What to work on
Write the listing out again word for word. Pictures do not belong in the copy.

Supplied material
= = = = =

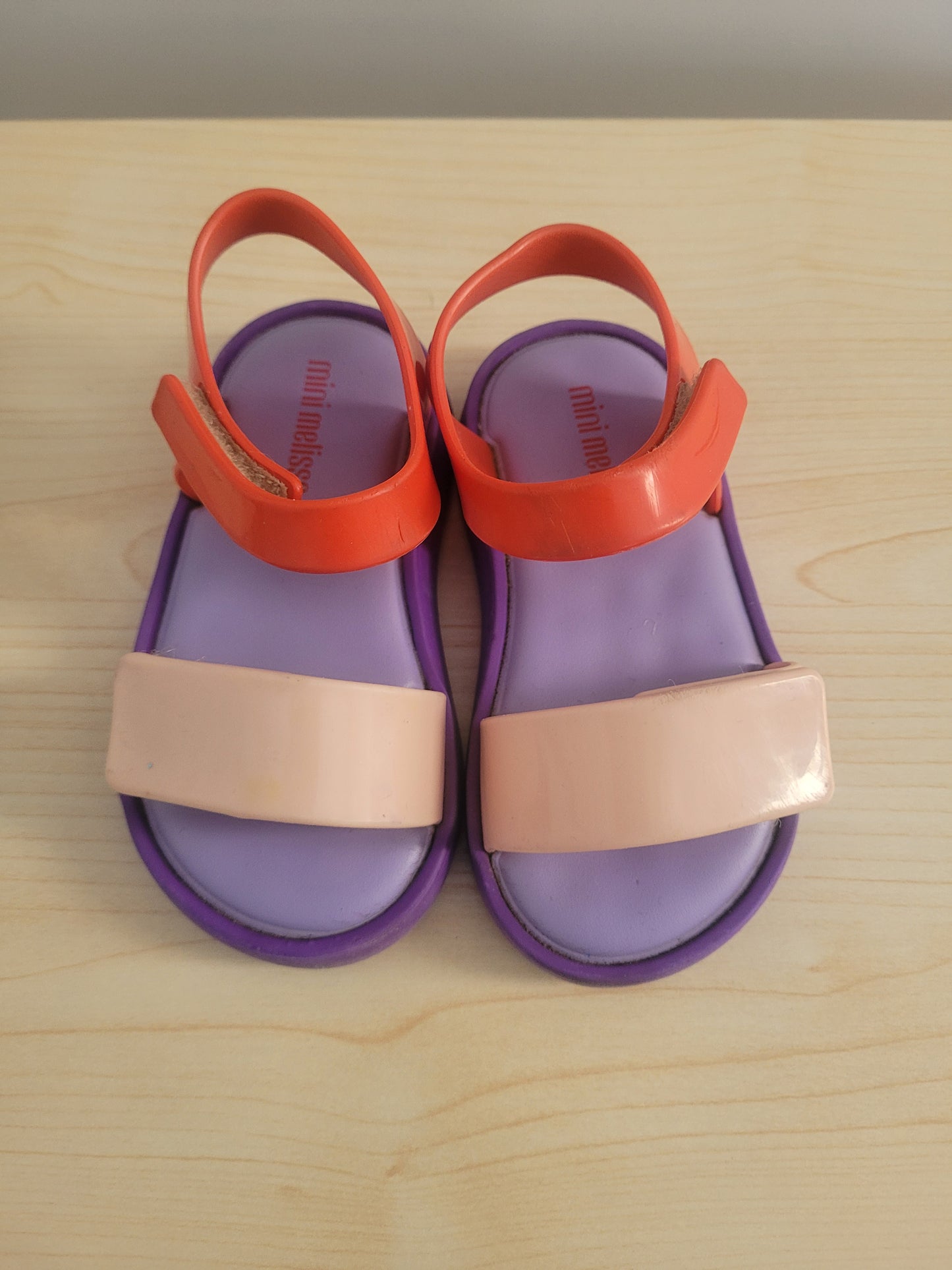#111 Mini Melissa Colorblock Sandals Girls Size 7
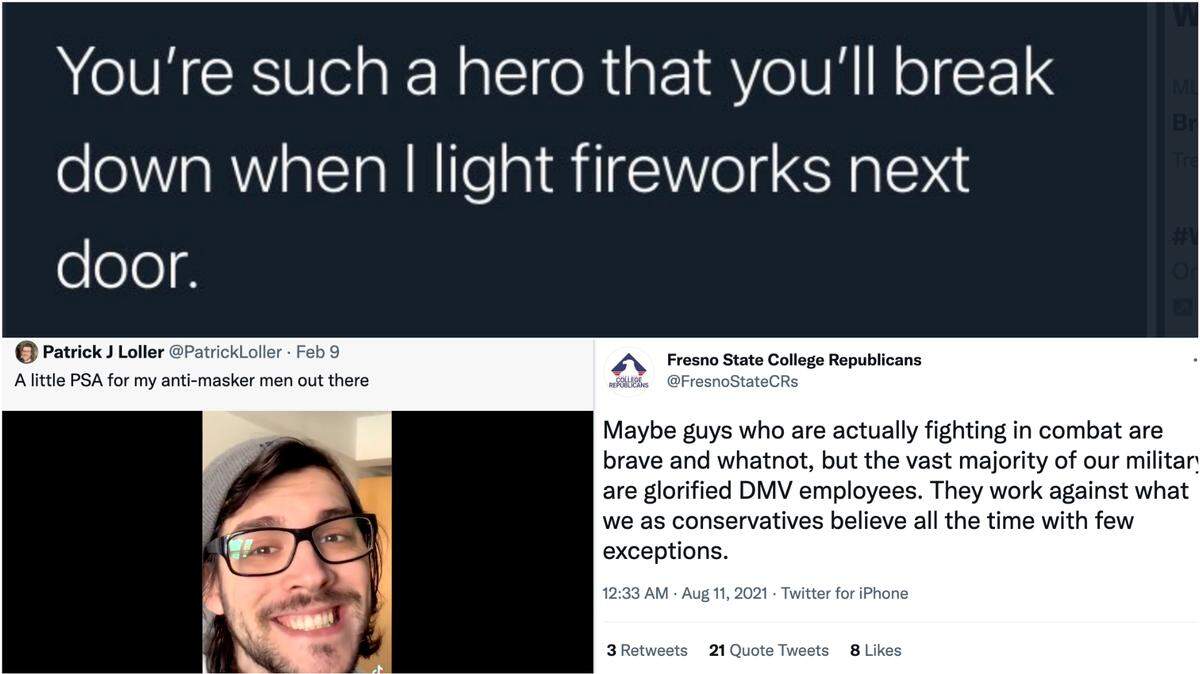 Army veteran-turned-comedian Patrick Loller (bottom left corner) made a video that called out anti-mask people as cowards, which promoted the Fresno State Republican Party to respond by making fun of military vets. Then Fresno State administration sent out a tweet to show support of the U.S. military and its veterans.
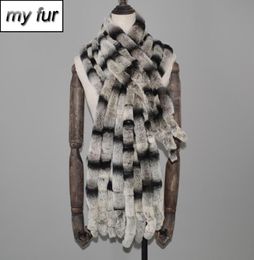 Scarves Long Style Women Real Rex Fur Scarf Warm Soft Warp Quality Fashion Tassel Shawl7756724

= = = = =

Output
#111 Mini Melissa Colorblock Sandals Girls Size 7
 Army veteran-turned-comedian Patrick Loller (bottom left corner) made a video that called out anti-mask people as cowards, which promoted the Fresno State Republican Party to respond by making fun of military vets. Then Fresno State administration sent out a tweet to show support of the U.S. military and its veterans.
 Scarves Long Style Women Real Rex Fur Scarf Warm Soft Warp Quality Fashion Tassel Shawl7756724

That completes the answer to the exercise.